デンソー、知られざるその強さの秘密とは?
あくまで「国内量産化」にこだわるワケ
「日本企業の強さは現場力にある」という視点から、現場力を鍛える仕組みをわかりやすく読み解いた1冊で、「私の職場でも応用できるヒントを見つけた」「現場で働くことが楽しくなった」などの声が、読者から多数届いています。
今回から2回にわたって、『現場論』の中でケース事例として紹介した、デンソーの加藤宣明社長との対談を掲載。連結売上高が4兆円を超える自動車部品トップメーカーの知られざる「強さ」の秘密に迫ります。
「モノづくりの頭脳集団」にリストラの危機
遠藤:車に乗っている人の体温を感知して、必要な座席だけを省エネ空調する先端技術など、日本の高性能な車づくりには欠かせない、部品メーカーの地位を築かれましたね。
加藤:ありがとうございます。最近は、「車の挙動制御など電子技術に強い」との評価をいただきますが、ウチのモノづくりは「あくまでハードあってのソフト」と考えています。
遠藤:ハードとソフト両面で「モノづくりへのこだわり」は今後も変わらないわけですね。
加藤:そうです。しかし、実は当社でも、固定費削減が流行した1998年ごろ、「モノづくりの頭脳集団」といわれる「工機・型部門」(製造加工の設備や精密部品用の金型製造)を別会社化しようという動きもあったのです。

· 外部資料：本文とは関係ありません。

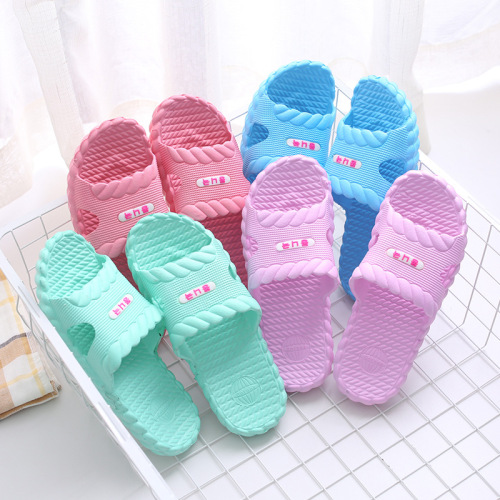 factory wholesale men‘s and women‘s bathroom slippers home eva hotel soft bottom indoor home sandals women‘s summer outdoor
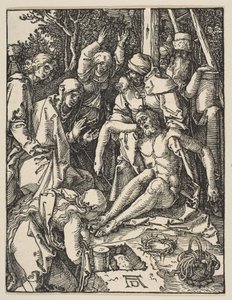 De Klaagzang, uit de Kleine Passie door Albrecht Dürer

遠藤:モノづくり重視のデンソーでさえ、そんな動きがあったのですか。
加藤:ええ。当時で1000人以上の配転案なので、「短期的な業績」を見れば、固定費削減として大きなインパクトが見込めました。結局は、取りやめになったのですが、そこで思いとどまっていなければ、その後の業績の急回復もなかったと思います。